A cidade de Beja e a região têm sido vítimas de críticas negativas e injustas ou motivo de anedota nacional por ter sido construído um aeroporto que não recebe aviões e passageiros. Como escrevi nesta publicação, intitulada “Reportagem SIC sobre o aeroporto de Beja: uma verdade não dita” a história não é bem como se conta.

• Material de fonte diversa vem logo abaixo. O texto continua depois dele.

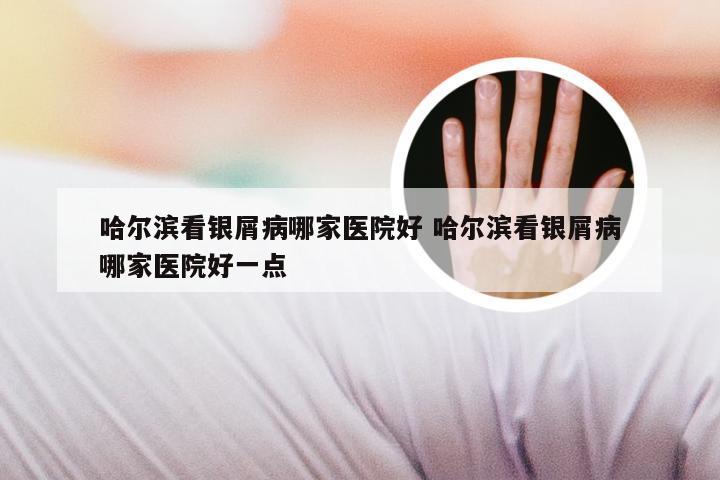 哈尔滨看银屑病哪家医院好 哈尔滨看银屑病哪家医院好一点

Se poderá haver críticas face ao investimento e há necessidade de investir em outros projectos na cidade ou na região, é também verdade que o investimento foi pequeno porque grande parte do aeroporto estava construído há décadas, servindo como Base Aérea Militar.

Mas, como é do conhecimento geral, dinheiro público gasto ao desbarato há por todo o lado e por todas as regiões do país, que não sendo motivo de desculpa, é motivo para que se falem delas e não apenas de Beja e/ou do Aeroporto de Beja.

A última e pouco divulgada notícia, é a companhia aérea pública dos Açores, a SATA, que no ano passado deu um de prejuízo de 35 milhões de euros, tendo sido revelado uma total má gestão. Num momento em que temos companhias aéreas low cost e a TAP, empresa semi-pública, porque haverá o Estado de manter uma 3ª empresa de transporte aéreo que gera prejuízos a todos os contribuintes?